En aquel tiempo, muchos judíos que habían venido a casa de María, al ver lo que había hecho Jesús, creyeron en él. Pero algunos acudieron a los fariseos y les contaron lo que había hecho Jesús.
Esto no lo dijo por propio impulso, sino que, por ser sumo sacerdote aquel año, habló proféticamente, anunciando que Jesús iba a morir por la nación; y no solo por la nación, sino también para reunir a los hijos de Dios dispersos.
Y aquel día decidieron darle muerte. Por eso Jesús ya no andaba públicamente entre los judíos, sino que se retiró a la región vecina al desierto, a una ciudad llamada Efraín, y pasaba allí el tiempo con los discípulos.
Los sumos sacerdotes y fariseos habían mandado que el que se enterase de dónde estaba les avisara para prenderlo.
Nos encontramos ante los últimos días de la vida de Jesús sobre la tierra. El evangelio de hoy nos recuerda que Jesús había devuelto la vida a su amigo Lázaro, lo que llevó a muchos judíos a creer en él.
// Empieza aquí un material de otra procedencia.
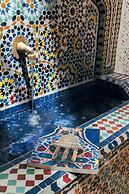 Riad Anya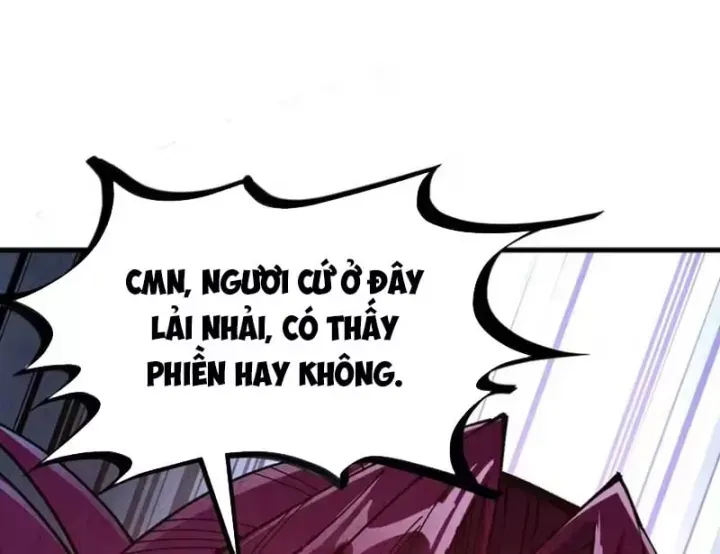 Trang 141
Este suceso incomodó sobremanera a los sumos sacerdotes y fariseos que se preguntaban cómo parar la acogida a Jesús. Para ello convocaron al sanedrín, y allí el sumo sacerdote Caifás sentenció: “conviene que uno muera por el pueblo y que no perezca la nación entera… y aquel día decidieron darle muerte”. Es cierto que Jesús “ya no andaba públicamente con los judíos y se retiró con sus discípulos a una ciudad llamada Efraín”. Sabía que la única posibilidad de evitar su muerte era no volver a predicar su buena noticia. Pero Jesús no se calló. No podía renunciar a la misión que el Padre le había encomendado de predicarnos su buena noticia. Y hasta nos siguió predicando desde lo alto de la cruz que el amor es más fuerte que la muerte, confiando en su Padre que no dejó que su vida de amor acabe en fracaso y al tercer día le resucitó. Y el amor venció a la muerte para siempre.